Crain's Op-Ed: Hunger relief in a box won't work in New York City

Liz Krueger

February 28, 2018

New York - Today, in an op-ed published in Crain's New York Business, Senator Krueger, Fund For New York City President Mary McCormick, and fellow co-founder of the Food Bank of New York City Kathy Goldman, argue that Trump Administration plans to replace SNAP with a box of government-chosen food will worsen the chronic hunger crisis in New York and across the country.

HUNGER RELIEF IN A BOX WON'T WORK IN NEW YORK CITY

Thirty-five years ago the federal government came to New York City with 17 million pounds of cheese for poor New Yorkers and no plan. For weeks city leaders recruited community-based organizations to figure out how to distribute 10-pound blocks of dairy product. Washington’s actions demonstrated how out of touch it was with the realities of hunger.

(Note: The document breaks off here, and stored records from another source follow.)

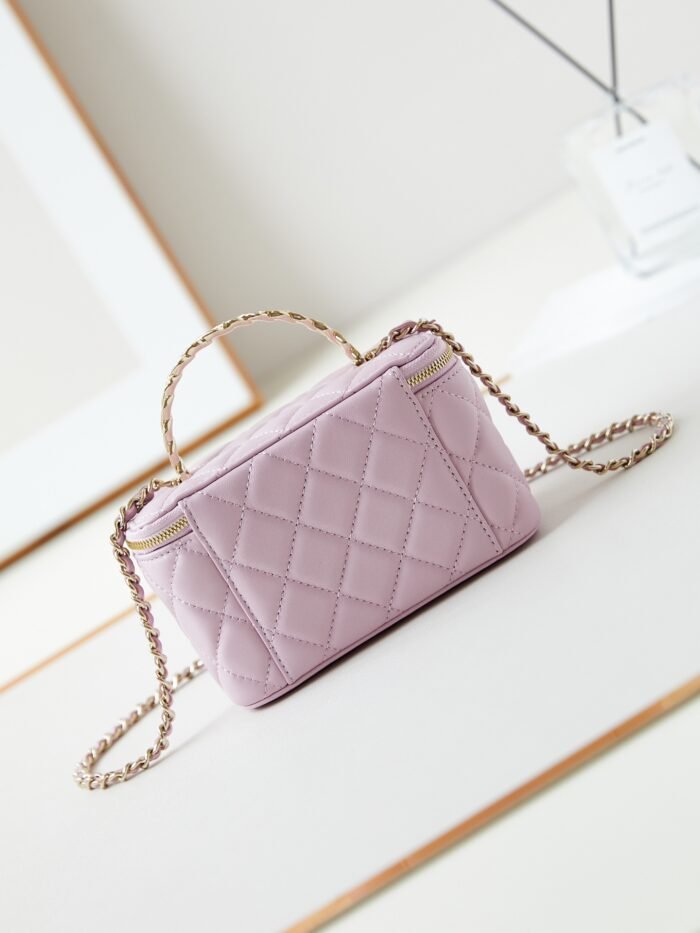 Chanel 10A Handbag Shoulder Bag Top Mirror Quality Version chanel AP5152 - Image 5
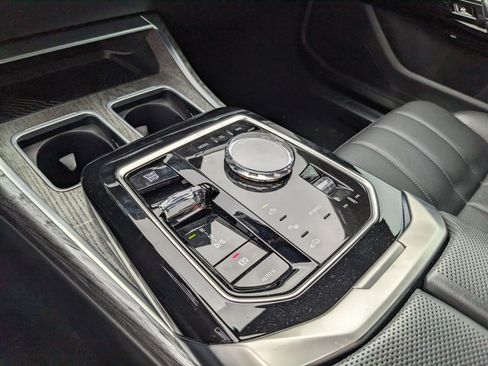 Used 2025 BMW 740i 740i image 26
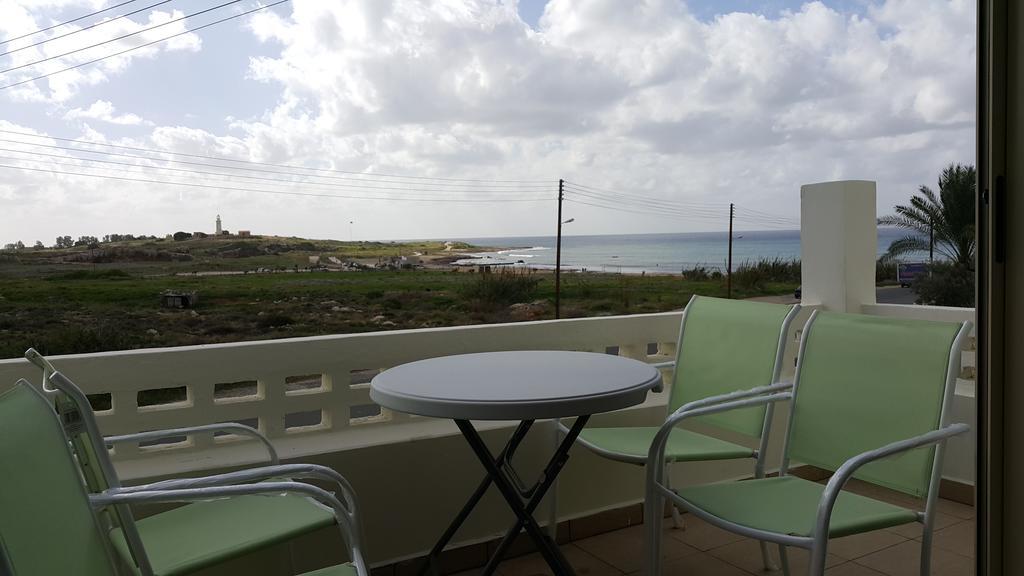 Dalia 5 Apartment Pafos Oda fotoğraf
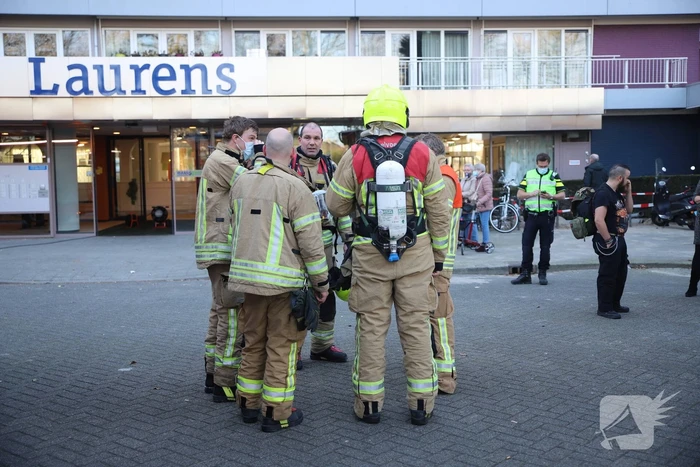 Begane grond zorgflat ontruimd door brand in wasruimte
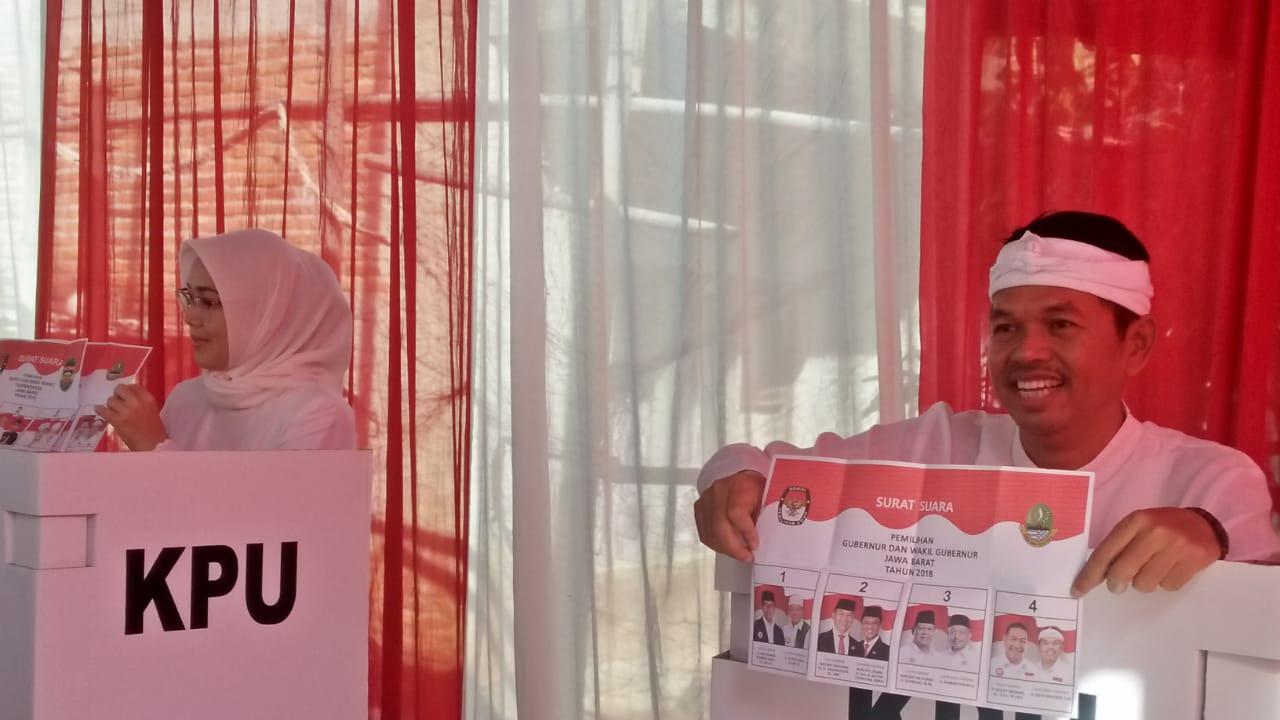 Cawagub Jabar nomor urut 4 , Dedi Mulyadi menggunakan hak suaranya dalam Pilkada Jabar 2018. (Liputan6.com/Abramena)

We never thought we would see those days again. Then the Trump administration released its latest budget proposal.

As it happens, 1983 was also the year we began building a food bank for our city. A group of concerned New Yorkers came together to respond to the unprecedented need they were seeing in their communities. City government provided the startup funding, and three food corporations made early pledges of year-round food donations to make the effort a success. Together, we were able to take an empty warehouse in the Bronx and transform it into the main source of food, resources and information to prevent hunger in our city.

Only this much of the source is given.